Possiamo a ben ragione parlare di un manifesto artistico del barocco in scultura e pittura: l'uso di parole come splendore, piacere, movimento sintetizzano appieno la magnificenza, la teatralità e la carica emotiva che spesso e volentieri rasenta l'erotico tipica di questa nuova generazione di artisti.
Scuotere ed eccitare: ecco il barocco!
Nel capitolo sulla Difficoltà nel ritrarre i sentimenti dell'Animo Federico opera una vera e propria critica agli artisti del passato, che rappresentano le situazioni tramite simbolismi e senza alcuna partecipazione emotiva. Il neonato barocco non deve avere taboo: tutto deve essere ciò che è, il dolore, la gioia, l'estasi, il piacere, senza generare equivoci ed anzi piuttosto calcando ed esasperando gli atteggiamenti per renderli immediatamente comprensibili ad un pubblico che, stanco di vedere rappresentati personaggi irreali e lontani, cerca nei Santi uno specchio di sè stesso, una identificazione, una immedesimazione che Federico stesso ci dice debba scuotere ed eccitare.
Orbene, sì nobile e precipuo ufficio dell'arte, i nostri pittori e scultori pare non lo comprendano affatto, e quando si attentano in tale impresa appaiono inetti e falsi, come dimostreremo, e vogliono esprimere sentimenti del tutto sconvenienti, come quando, incapaci malgrado ogni sforzo dell'arte loro, di effigiare la Divina Madre dolente ai piedi della croce e il suo volto pieno di dolore, si appigliano all'artificio di rappresentarla svenuta; cosa facile a eseguirsi ma contraria alla testimonianza dei Padri. Molti ancora effigiarono gli altri Santi con espressioni per nulla convenienti alla loro santità, e così facendo peccarono gravemente contro l'autorità delle Sacre Carte e contro la tradizione. Gli Scrittori Sacri magnificarono i meriti e le virtù dei Santi; questi artisti invece ostentano e appioppano ai Santi passioni che mai non ebbero. Che se questi inetti non sapevano esprimere i sensi delle virtù, avrebbero almeno dovuto imitare l'accortezza di quell'artista greco che, non volendo fare apparire nella sua pittura un difetto degli occhi, lo soppresse e lo nascose. Non avrebbero insomma dovuto fare ciò che disperavano di poter fare; avrebbero dovuto nascondersi nel silenzio piuttosto che attribuire ai Santi quelle vergogne che a loro disonore ridondano dal linguaggio dei loro pennelli.
Vorrei pertanto che i nostri artisti o s'impegnassero ad esprimere i sentimenti o, se a ciò non valgono, manifestassero in qualche modo sforzo e dolore, come fece quell'artista antico che, diffidando di riuscire ad esprimere i sentimenti del padre nel sacrificio della figlia, ricoperse il capo di Agamennone.

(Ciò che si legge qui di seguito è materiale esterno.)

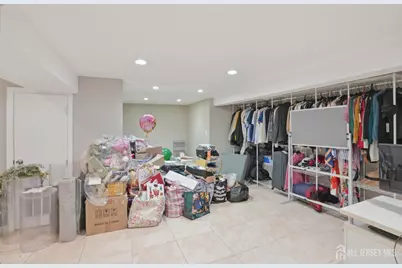 23 Pleasant Avenue, Iselin, NJ 08830 - Photo 12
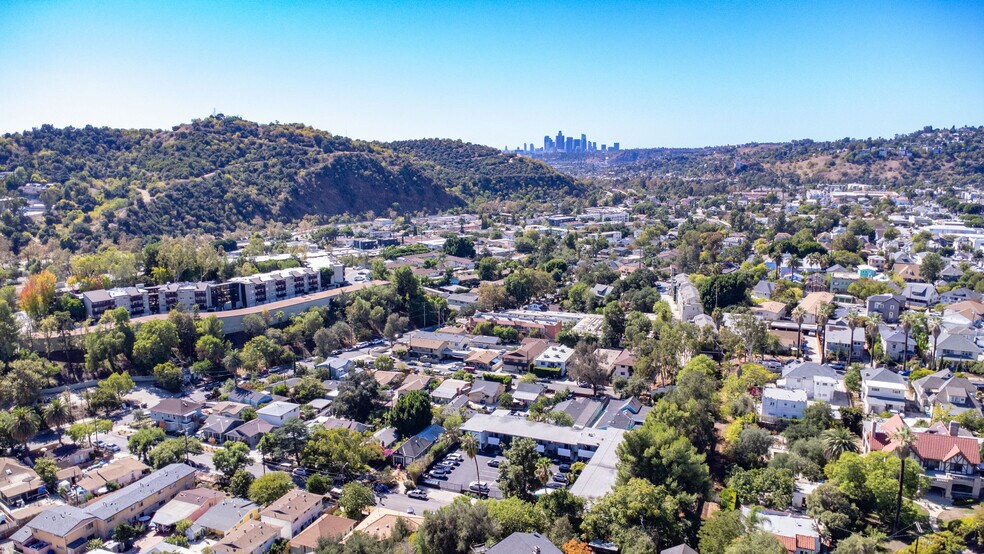 200 S Avenue 59, Los Angeles, CA à vendre - Photo du bâtiment - Image 3 de 41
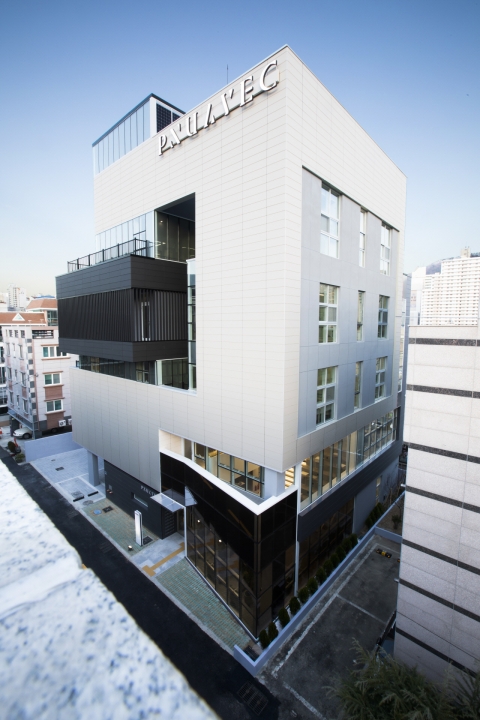 부산대 기술창업 플랫폼 'PNU AVEC' 건물 전경 /부산대학교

Questo studio porterà grandi e nobili frutti. Infatti la pietà verso Dio e i Santi, la lode, l'irritazione, il timore, il dolore e la speranza non sono se non i sentimenti destati nell'animo dalle sacre immagini, le quali si potranno dire vive ed ispiratrici quando ecciteranno le nostre menti e le scuoteranno quasi con un soffio vitale.
Possiamo a ben ragione decretare definitivamente e compiutamente aperta la grande stagione del barocco in scultura e comprendere in queste righe i presupposti teorici e ideologici che porteranno a capolavori come la decollazione di San Paolo dell'Algardi e l'Estasi di Santa Teresa o la Beata Ludovica del Bernini, che superano il verismo richiesto da Federico trasformandolo in un atto estetico e teatrale oltre il tempo e lo spazio.